With characters as colourful as a flowerbed in June, there is a lot going on down in the allotment. A.C (
Kenneth McKie), a troubled Gulf War veteran, inherits his father’s old plot, garnering the attention of the established great and the good of greenery. Dropped into the seed tray of the community, A.C. sows his talents with the help of prize marrow grower Paul ( James Campbell), herbal scientist Bryan ( Gary Hendry) and Alan Titchmarsh stalker Elizabeth ( Lisa Lynn). The play tracks the botanical experiences group of fourteen through the seasons, brushing such issues as alcoholism, the recession and conspiracy theorist David Icke. Laura Nasmyth’s set design is wonderfully kitsch and altogether more elaborate than is usually seen in the venue. Pretty little plots, surrounded by happy little gnomes and flowers which change with the seasons, aptly reflect the overblown personalities of the play’s eccentric characters.

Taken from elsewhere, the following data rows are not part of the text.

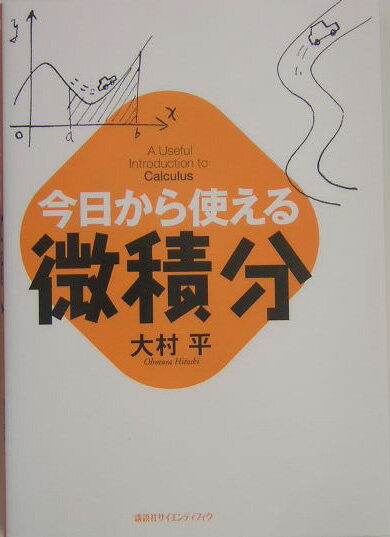 【中古】今日から使える微積分/講談社/大村平（単行本（ソフトカバー））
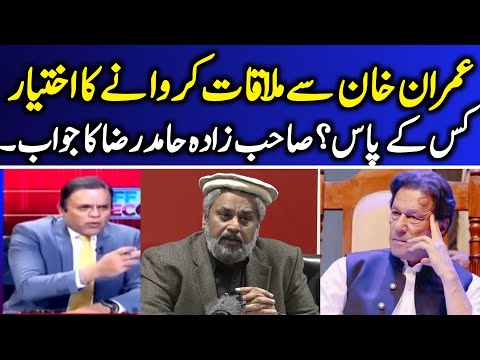 Imran Khan Say Mulakat Karwane ka Ikhtiyar Hai Kis Kay Pas? Sahibzada Hamid Raza's Analysis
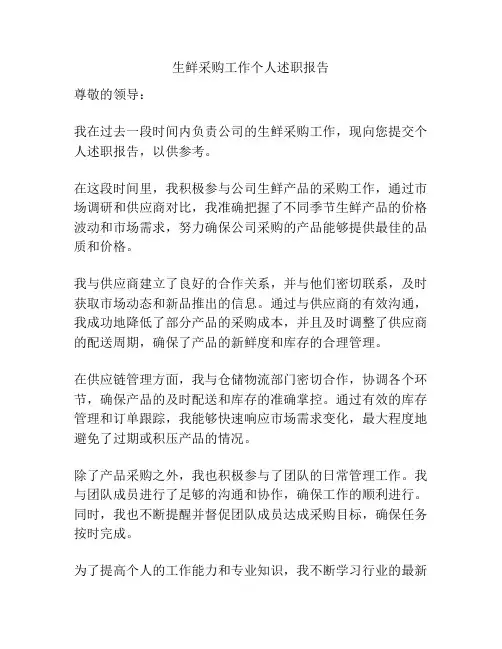 生鲜采购工作个人述职报告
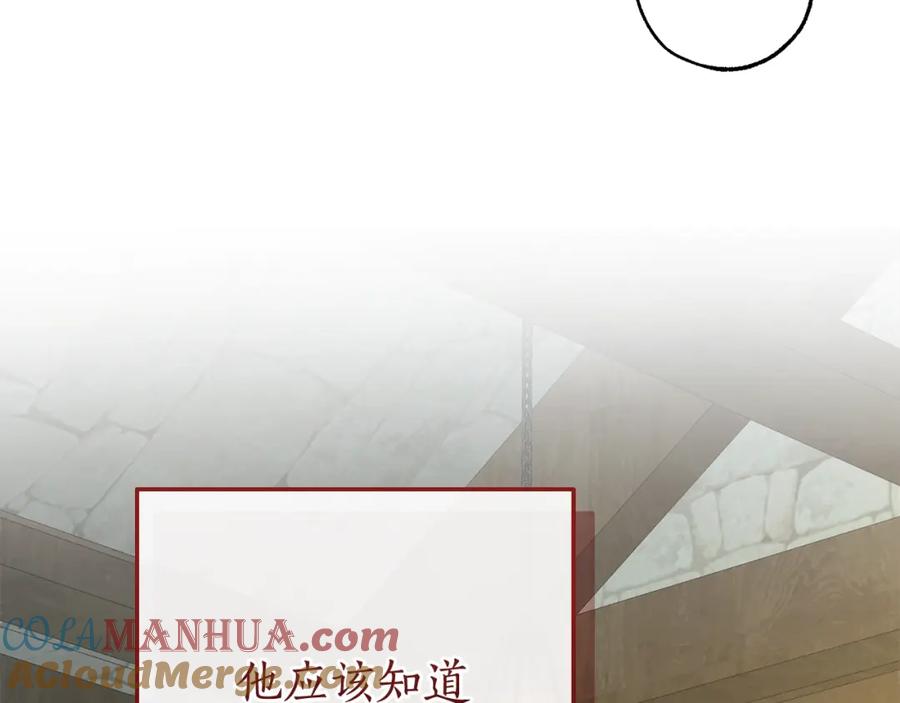 成为伯爵家的废物 第103话 被雨淋湿 第101页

What beautifully blossoms in the first part wilts quite suddenly in the second. The challenge of convincingly tying up the subplots of each and every one of the play’s fourteen characters is one which poses some difficulty. To shamelessly harvest a joke from the production, it lost the plot at this point. Such overgrowth of character history eclipses, if only temporarily, the focus of the script and the centrality of its meaning. Fifteen minutes could have been easily trimmed from the second half.

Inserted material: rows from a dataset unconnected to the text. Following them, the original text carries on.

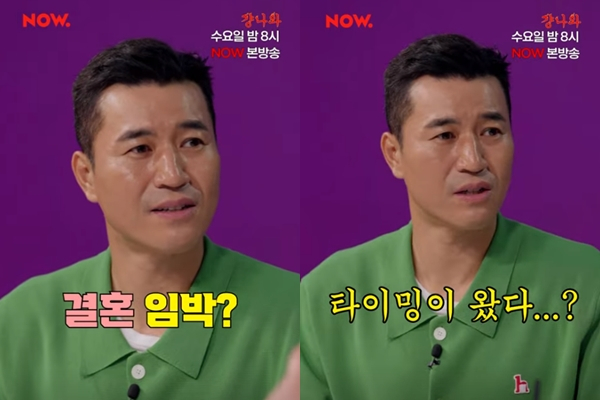 그룹 코요태 멤버 김종민이 결혼이 임박했다고 밝혔다. /사진='걍나와' 예고편 캡처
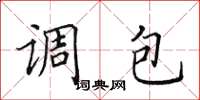 田英章調包楷書怎么寫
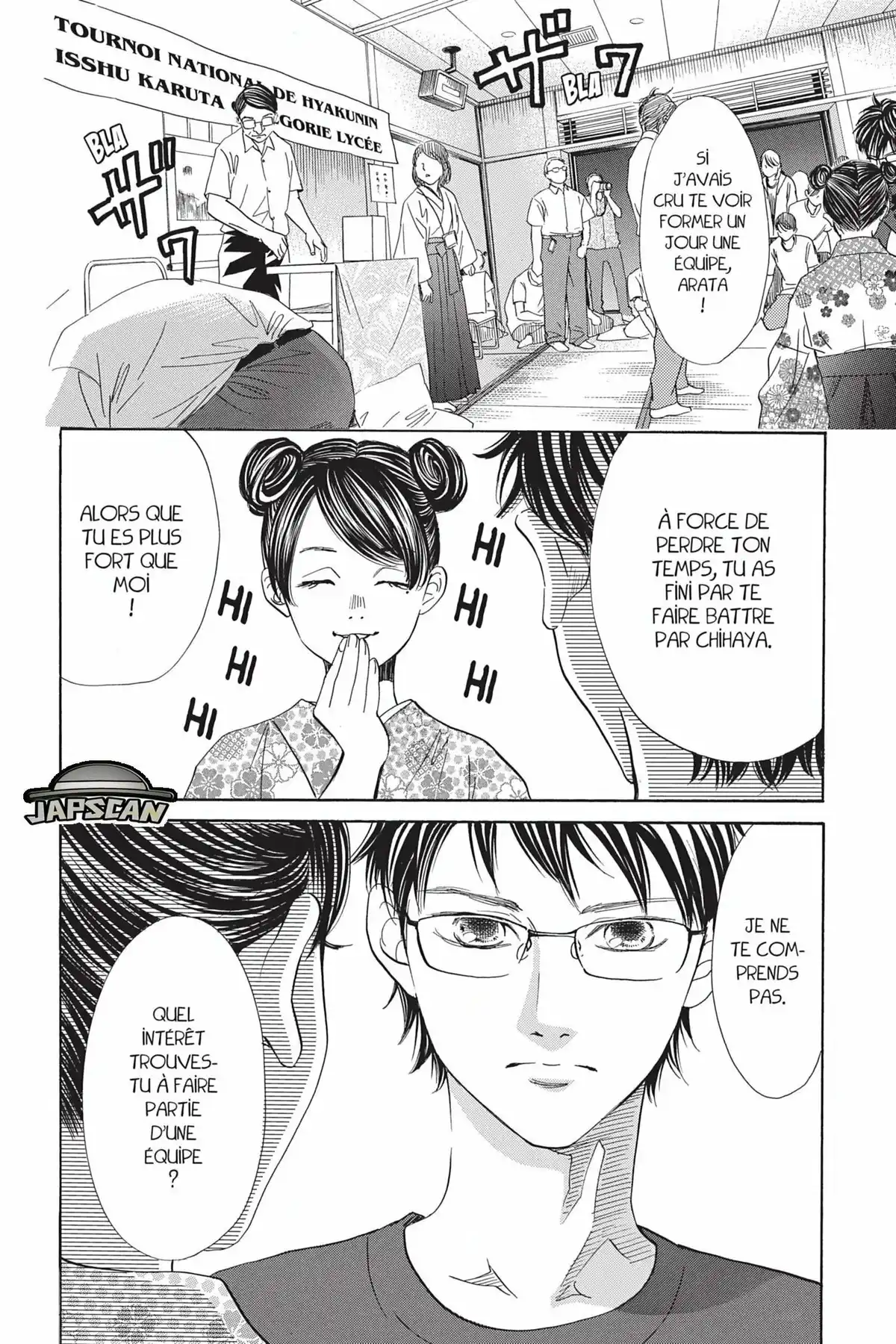 Chihayafuru Volume 33 page 51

Such problems are of no detriment to the wonderful cast. Their lack of pretension gives the production a genuine warmness that is uncommon in theatre. They sparkle with a typically Glaswegian charisma. Their styles are as varied as their produce and the result is highly entertaining. The standout performance of the night is undoubtedly
Kenneth McKie. A satisfying all-rounder, McKie relishes the comedy and the sensitivity required of a role walking the line between post-traumatic stress and stress over potatoes.
Though it is not perfect, Crawford and his cast have found a few treasures buried at the bottom of the garden.